## [Assigned task]
Everything in the data that follows should be given again verbatim, except the images.

## [Data shown]
========================================================================
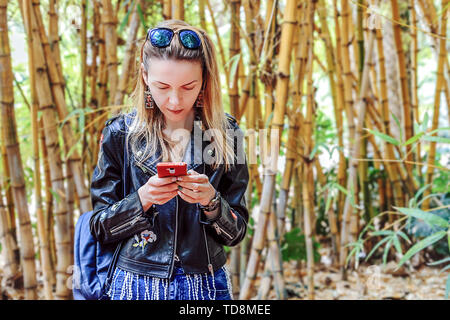 Una ragazza con i capelli biondi è alla ricerca di qualcosa nel telefono mentre è in piedi direttamente alla telecamera con la sua testa piegata. Il Marocco Foto Stock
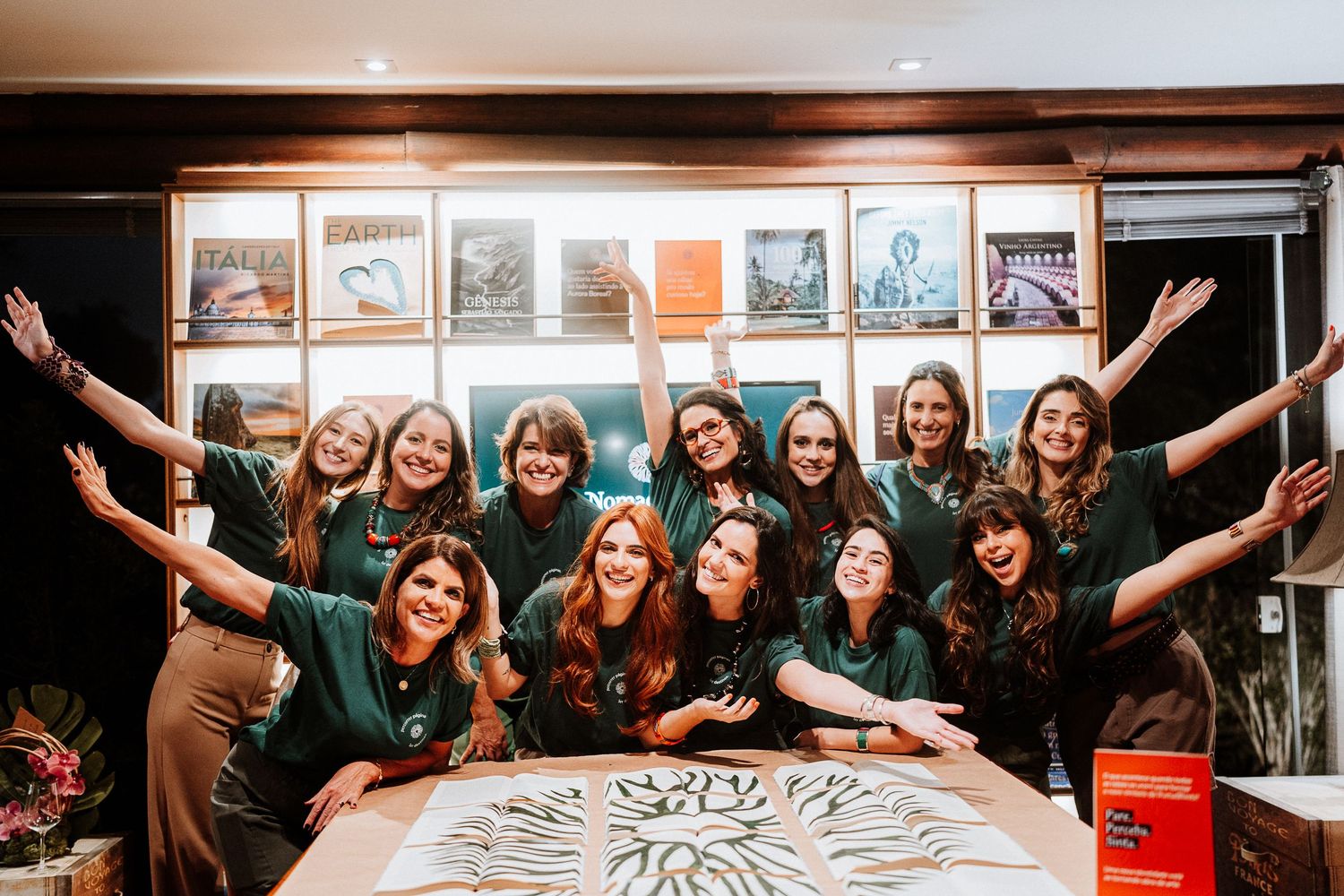 Group photo of people celebrating around a decorated table with arms raised in joy.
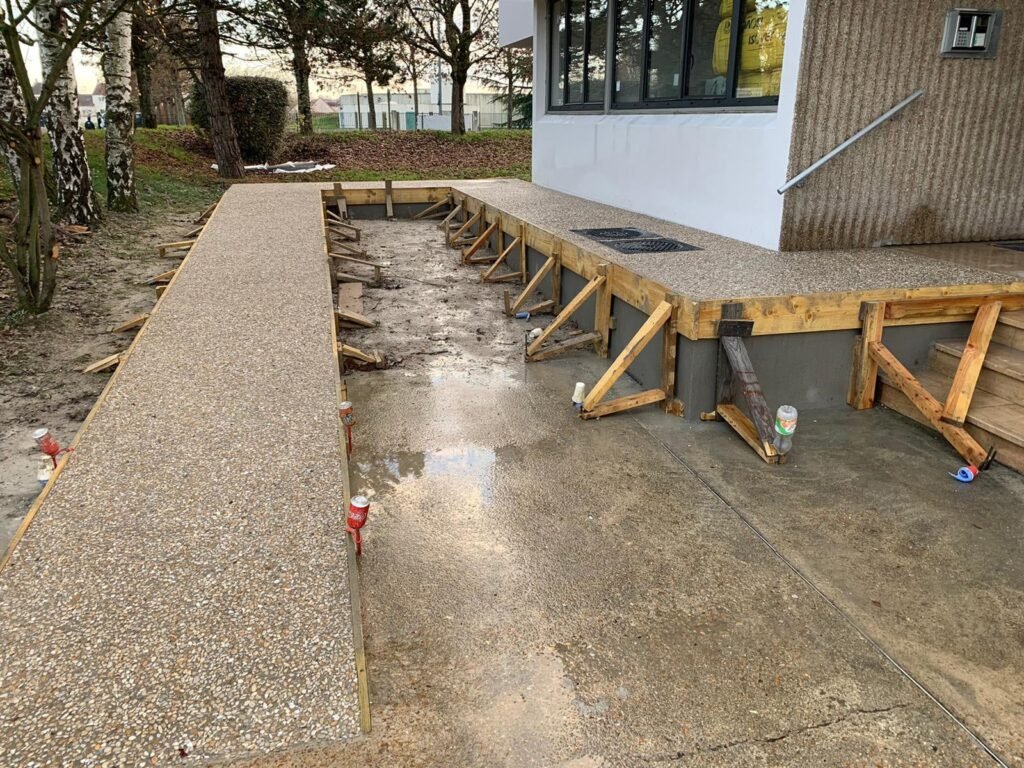 Un trottoir en béton est partiellement construit, avec des coffrages et des supports en bois en place le long de la section inachevée à côté d'un bâtiment.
========================================================================
## [Written answer]
 Una ragazza con i capelli biondi è alla ricerca di qualcosa nel telefono mentre è in piedi direttamente alla telecamera con la sua testa piegata. Il Marocco Foto Stock
 Group photo of people celebrating around a decorated table with arms raised in joy.
 Un trottoir en béton est partiellement construit, avec des coffrages et des supports en bois en place le long de la section inachevée à côté d'un bâtiment.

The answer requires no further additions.